If you think LIKE '%text%'
is too slow, this is the right solution for you.
-
register the "character_tokenizer" module
-
create a FTS table with character_tokenizer. For example:
CREATE VIRTUAL TABLE Book USING fts3(name TEXT NOT NULL, author TEXT, tokenize=character);
-
to search for a substring, use phrase queries.
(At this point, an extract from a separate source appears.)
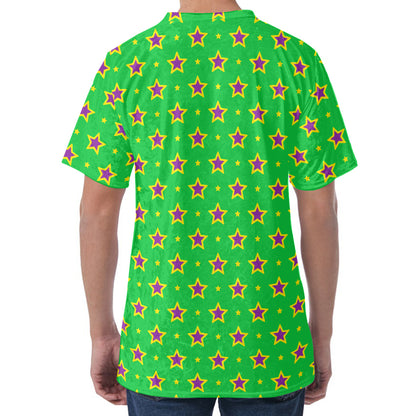 Mardi Gras Star Pattern Print Men's Velvet T-Shirt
For example, to match strings such as "Adrenalines", "Linux", or "Penicillin", use:
SELECT * FROM docs WHERE docs MATCH '"lin"';
See SqliteSubstringSearchDemo for a complete example.
If you want to open a database encoded by character
tokenizer, do the following:
#import <FMDB/FMDatabase.h>
#import "character_tokenizer.h"
FMDatabase* database = [[FMDatabase alloc] initWithPath:@"my_database.db"];
if ([database open]) {
// add FTS support
const sqlite3_tokenizer_module *ptr;
get_character_tokenizer_module(&ptr);
registerTokenizer(database.sqliteHandle, "character", ptr);
}
English uses a space to separate words, but Chinese and Japanese do not. Since built-in FTS tokenizers relies on spaces to separate words, it will treat the whole sentence in Chinese or Japanese as a single word, which makes FTS not useful at all in these languages.
The third-party Chinese and Japanese tokenizers (mmseg for Chinese, MeCab, ChaSen for Japanese) use sophisticated and memory intensive approaches to find the ambiguous boundary between words. For simple applications such as querying for people names, a simple substring search is a more reasonable choice than these sophisticated tokenizers.
The character tokenizer partitions each character as an individual token. Searching for a substring is equivalent to finding consecutive tokens in the document, which are provided by FTS as phrase queries.